Open a web browser and access the Esri Change Matters site [19].
Change Matters uses Landsat imagery and ArcGIS Online. You should see three side-by-side web GIS maps, similar to the image below.
The first set of scenes is that of Mount St. Helens from 1975 and 2000. Use the information provided in the link at the lower right "how to interpret a change image" if you need it, to answer the following questions:
Using the search box above the images, enter "Aral Sea."
Now, examine other places around the world using this resource. What does your hometown look like?
Zoom in on one of the Change Matters image sets. The spatial resolution of Landsat imagery is now 30 meters x 30 meters (it was coarser in its earliest iterations). So, while you can’t peep on people sunbathing at this resolution, you can detect large changes across the Earth’s surface.
To share a map from the Change Matters site: click on the green box icon at the top right of the interface. That will give you a URL you can share, and those Twitter/Facebook buttons work nicely too.
Now, head over to ArcGIS Online [20].
You are looking at the Northeastern Junior College campus in Sterling, Colorado. Click the Content button at the upper left of the interface to see the map layers that you have at your disposal. You should have Map Notes, USA Topo Maps, and Imagery with Labels.
Click on the pushpin at the intersection of the paths that form an “X” on campus. In the popup box that appears, you should see some notes and a photograph taken on the ground. In a few minutes you’ll create your own map notes and popups. Click on the photograph. You should be directed to a new website.
Unlike the Landsat images, this satellite image was taken in the visible spectrum. It comes from a satellite operated by DigitalGlobe [21], and it has a much finer resolution than the Landsat imagery. You could definitely use this stuff to count the number of dog turds in someone’s lawn.
Now go to Bookmarks and select Sterling. You should now be looking at the town of Sterling, Colorado, with the USA Topo Maps layer as semi-transparent. Earlier, you used a side-by-side set of images to detect change over time. Here, using transparency on layers is another way you can look at change over time. Click the small arrow next to USA Topo Maps in the list of layers and adjust the visibility of that layer by clicking on Transparency and then drag the slider around. The USA Topo maps layer is a USGS [22] topographic map; and in the case of Sterling, the map was created in 1971. Your MOOC instructor was -9 years old at the time.

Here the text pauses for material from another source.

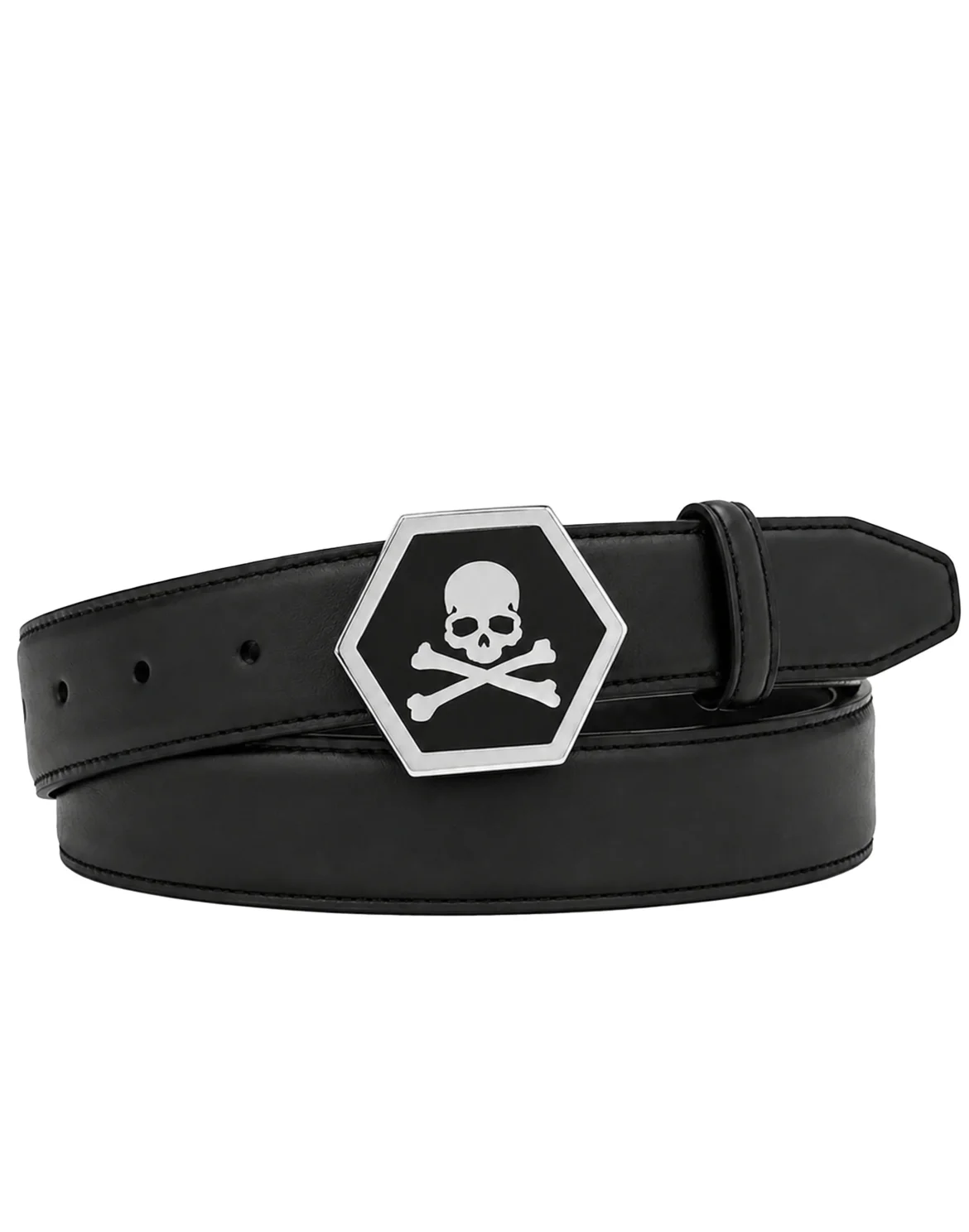 Leather Belt Skull, цвет: Черный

Now examine the Northeastern Junior College Campus, comparing the current campus as seen in the satellite image to the features on the 1971 topographic map by sliding the transparency control back and forth for the USA Topo Maps layer.

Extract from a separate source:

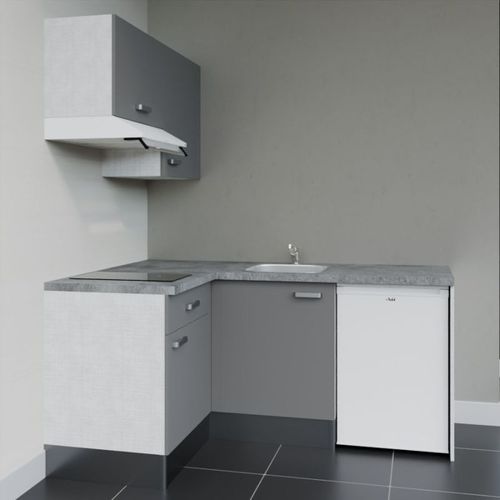 Kitchenette D'angle Ka02l-pt-façade Gris-plan Gris Béton-evier Inox-crédences Non+electro Blanc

Until now in our lab assignments you have been using maps and layers created by others. One of the revolutionary things about today’s mapping methods is that you can create your own content, save it, and share it with others quite easily. Let’s start doing that now. To do so, click on Sign In in the upper right hand corner of the map that you are examining.
Your screen should look similar to the one shown below. If it doesn't, navigate to the ARCGIS home page [23] directly.
At the lower left, click the link to Create a Public Account. Follow the steps there to create your account. Where it asks you to name the Organization you're part of, you can just say "Coursera" there. You will also need to give Esri a phone number, but you don't have to give them a real one. Just plug in 999 instead. You also need to review and accept the terms of use before you can click Create My Account. Once you have created your account, you should be automatically logged in. It should drop you at a page where you can edit your profile details if you'd like.
None of this will cost you any money, result in 40 catalogs sent to your house or anything crazy like that – it’s just a way for you to be able to upload stuff, save your maps, and share things more easily.
Now that you are signed into ArcGIS Online, you can do everything that you have been doing last week and earlier in this current lab exercise, but now you can save your maps. You can build on them as you see fit. And because these maps live online, you can share them with colleagues; you can embed them into your own web pages, you can create web applications from them, and you can reduce your cholesterol by 30% while improving your ability to sing opera. But let’s not get ahead of ourselves: let’s begin with those pushpins, popups, and embedded images and links that you were examining earlier by creating your own. On the menu bar at the top of the page, click Map to continue.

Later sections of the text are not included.